Deep Learning: A Breakthrough in Medical Imaging.

机构信息

Artificial Intelligence and Computer Vision (iVision) Lab, Department of Electrical Engineering, Institute of Space Technology, Islamabad, Pakistan

Department of Avionics Engineering, Institute of Space Technology, Islamabad, Pakistan

出版信息

Curr Med Imaging. 2020;16(8):946-956. doi: 10.2174/1573405615666191219100824.
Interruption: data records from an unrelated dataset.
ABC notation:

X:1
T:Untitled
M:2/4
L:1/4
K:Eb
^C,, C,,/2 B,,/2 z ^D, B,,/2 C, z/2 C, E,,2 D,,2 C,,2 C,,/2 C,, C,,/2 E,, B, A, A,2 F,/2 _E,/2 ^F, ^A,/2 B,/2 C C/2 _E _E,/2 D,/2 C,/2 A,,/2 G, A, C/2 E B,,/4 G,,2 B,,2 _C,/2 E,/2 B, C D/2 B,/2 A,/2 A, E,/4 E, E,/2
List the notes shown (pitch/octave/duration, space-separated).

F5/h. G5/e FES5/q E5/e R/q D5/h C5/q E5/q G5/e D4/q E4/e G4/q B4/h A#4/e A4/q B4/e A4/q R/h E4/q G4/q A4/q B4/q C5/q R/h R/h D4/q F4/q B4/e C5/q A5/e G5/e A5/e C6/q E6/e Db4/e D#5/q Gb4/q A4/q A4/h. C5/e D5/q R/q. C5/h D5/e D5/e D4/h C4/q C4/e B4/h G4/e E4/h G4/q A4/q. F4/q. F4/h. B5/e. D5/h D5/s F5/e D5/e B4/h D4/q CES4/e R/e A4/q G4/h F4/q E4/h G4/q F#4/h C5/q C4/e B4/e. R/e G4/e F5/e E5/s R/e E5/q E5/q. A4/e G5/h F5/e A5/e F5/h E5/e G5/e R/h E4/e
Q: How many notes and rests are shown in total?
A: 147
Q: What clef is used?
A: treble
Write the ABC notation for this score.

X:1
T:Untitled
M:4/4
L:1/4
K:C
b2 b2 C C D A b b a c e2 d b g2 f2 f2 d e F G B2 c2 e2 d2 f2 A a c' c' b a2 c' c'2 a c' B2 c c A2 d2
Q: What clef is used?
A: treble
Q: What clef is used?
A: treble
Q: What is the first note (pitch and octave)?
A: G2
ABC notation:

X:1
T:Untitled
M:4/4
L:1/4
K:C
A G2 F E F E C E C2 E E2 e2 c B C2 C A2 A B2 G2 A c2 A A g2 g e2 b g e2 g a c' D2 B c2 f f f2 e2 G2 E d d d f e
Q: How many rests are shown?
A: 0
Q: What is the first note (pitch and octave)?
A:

DOI:10.2174/1573405615666191219100824
PMID:33081657
Abstract

Deep learning has attracted great attention in the medical imaging community as a promising solution for automated, fast and accurate medical image analysis, which is mandatory for quality healthcare. Convolutional neural networks and its variants have become the most preferred and widely used deep learning models in medical image analysis. In this paper, concise overviews of the modern deep learning models applied in medical image analysis are provided and the key tasks performed by deep learning models, i.e. classification, segmentation, retrieval, detection, and registration are reviewed in detail. Some recent researches have shown that deep learning models can outperform medical experts in certain tasks. With the significant breakthroughs made by deep learning methods, it is expected that patients will soon be able to safely and conveniently interact with AI-based medical systems and such intelligent systems will actually improve patient healthcare. There are various complexities and challenges involved in deep learning-based medical image analysis, such as limited datasets. But researchers are actively working in this area to mitigate these challenges and further improve health care with AI.

摘要

深度学习作为一种自动化、快速和准确的医学图像分析的有前途的解决方案,已经引起了医学成像领域的极大关注,这对医疗质量至关重要。卷积神经网络及其变体已成为医学图像分析中最受欢迎和广泛使用的深度学习模型。本文简要概述了应用于医学图像分析的现代深度学习模型,并详细回顾了深度学习模型执行的关键任务,即分类、分割、检索、检测和配准。最近的一些研究表明,深度学习模型在某些任务上可以超越医学专家。随着深度学习方法取得重大突破,预计患者将很快能够安全、方便地与基于人工智能的医疗系统进行交互,而这种智能系统实际上将改善患者的医疗保健。基于深度学习的医学图像分析涉及到许多复杂和挑战,例如数据集有限。但研究人员正在积极研究这个领域,以减轻这些挑战,并通过人工智能进一步改善医疗保健。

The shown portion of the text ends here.